Sorry for your loss guys


----------



## Fido (May 21, 2003)

hmmm maybe i should get a lid for my tank?







to your rd.


----------



## thoroughbred (Mar 14, 2003)

Filo said:


> hmmm maybe i should get a lid for my tank?
> 
> 
> 
> ...


umm yeah u know them fish will jump out


----------



## freakgasolinefightaccident (Jan 3, 2005)

thanks everyone


----------



## pamonster (Jun 26, 2003)

that sucks, happened to my first GT, I know how ya feel


----------



## janus (Oct 28, 2004)

Sorry to hear that!


----------



## dan-uk (Oct 31, 2004)

sry dude.


----------



## 351winsor (Aug 3, 2004)

sorry to hear that


----------



## RigidNeophyte (Jul 1, 2004)

I know how you feel man.

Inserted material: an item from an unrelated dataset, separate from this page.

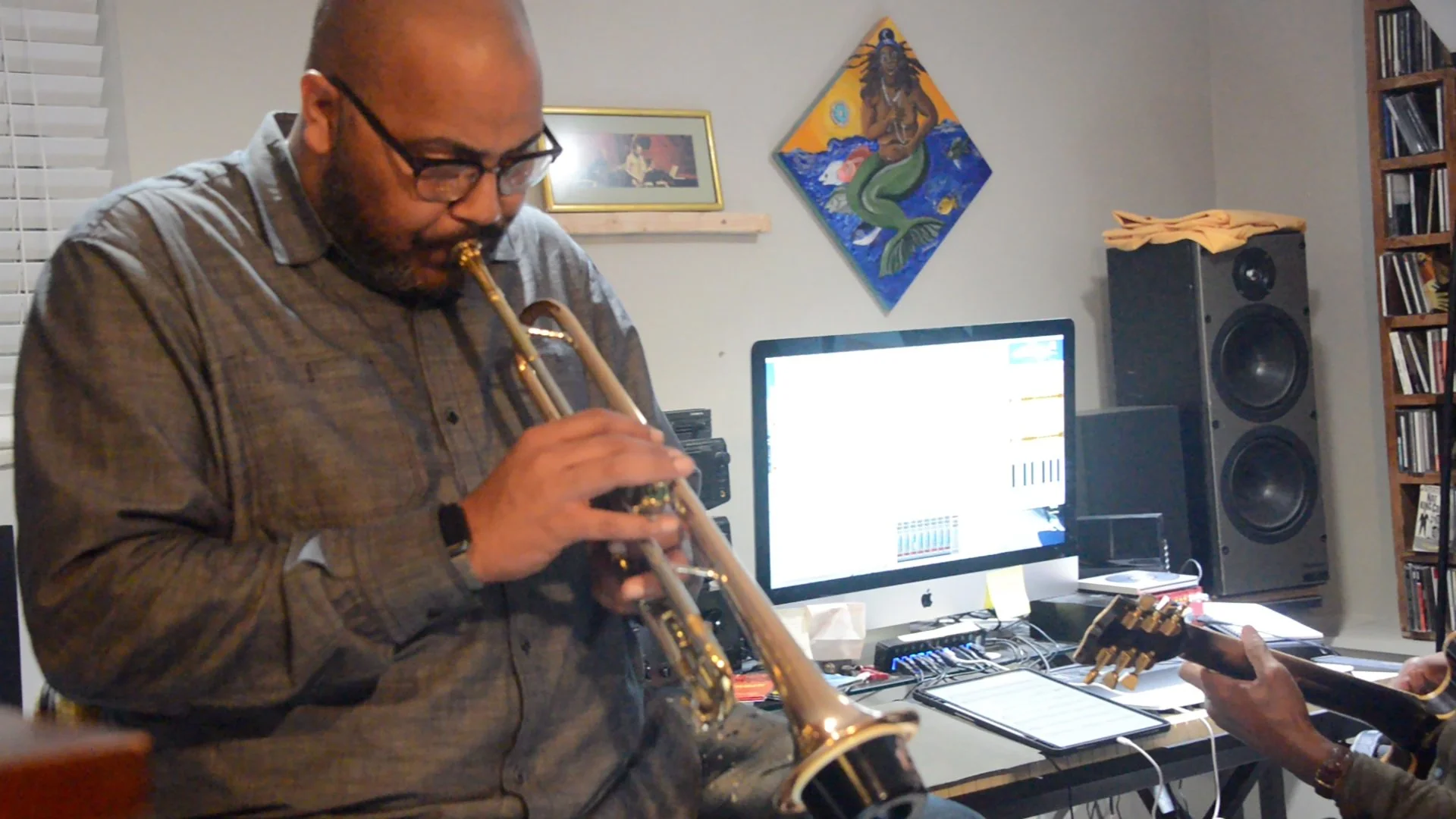 Leon Q. Allen - practice session at home studio.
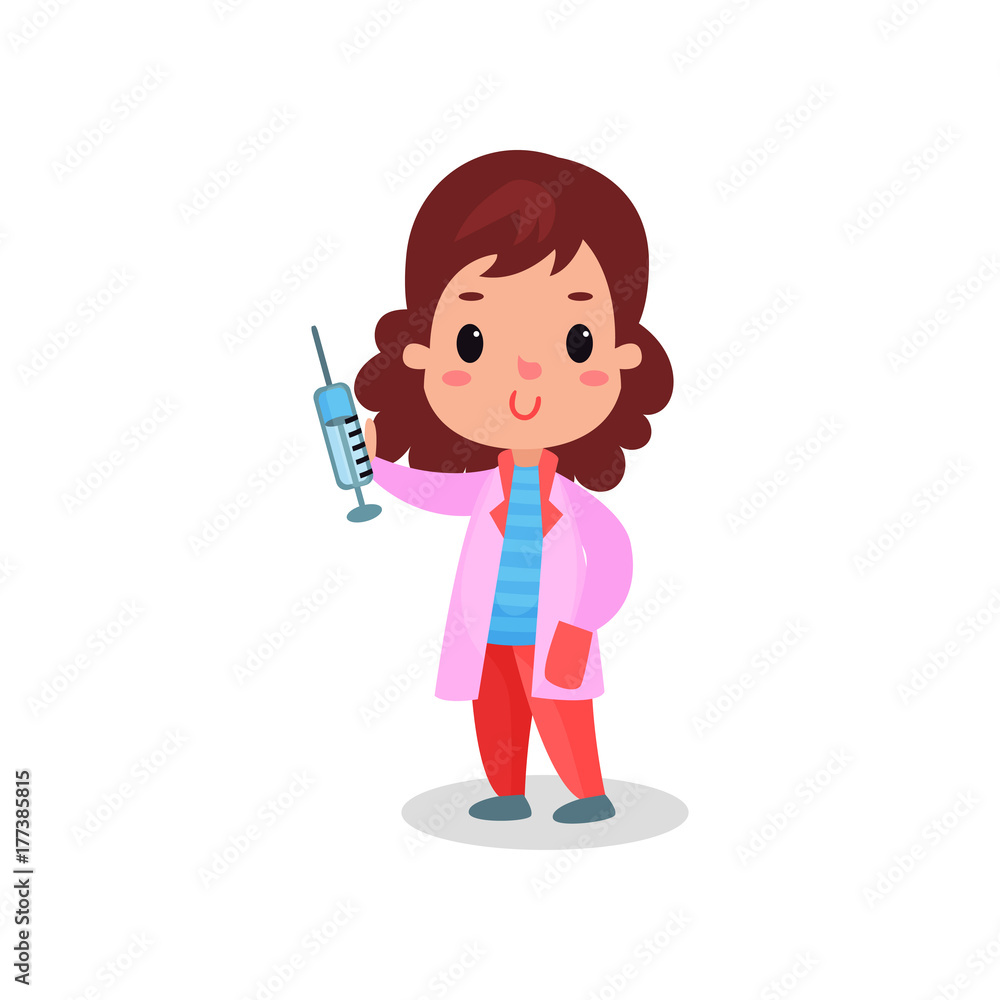Sweet girl doctor in professional clothing holding syringe, kid playing doctor vector illustration Sweet girl doctor in professional clothing holding syringe, kid playing doctor vector illustration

My RD died, i got it when she was about 1.5" and had her for almost a year. 7" when she died... i cried. First cichlid i ever owned, she was the one i cared the most about...


----------



## janus (Oct 28, 2004)

Sorry for your loss!


----------



## Atlanta Braves Baby! (Mar 12, 2003)

That was a nice looking fish


----------



## r0d1mus (Jul 5, 2004)

I always wonder why fish feel the need to jump out of their tanks... it can be the smallest gap... but they will find it


----------



## freakgasolinefightaccident (Jan 3, 2005)

r0d1mus said:


> I always wonder why fish feel the need to jump out of their tanks... it can be the smallest gap... but they will find it
> [snapback]901686[/snapback]​


My guess is in the case of my RD,it was at the bottom of the pecking order and i have a large tiger oscar in there that always used to bust it's ass. So i think mine was chased out.


----------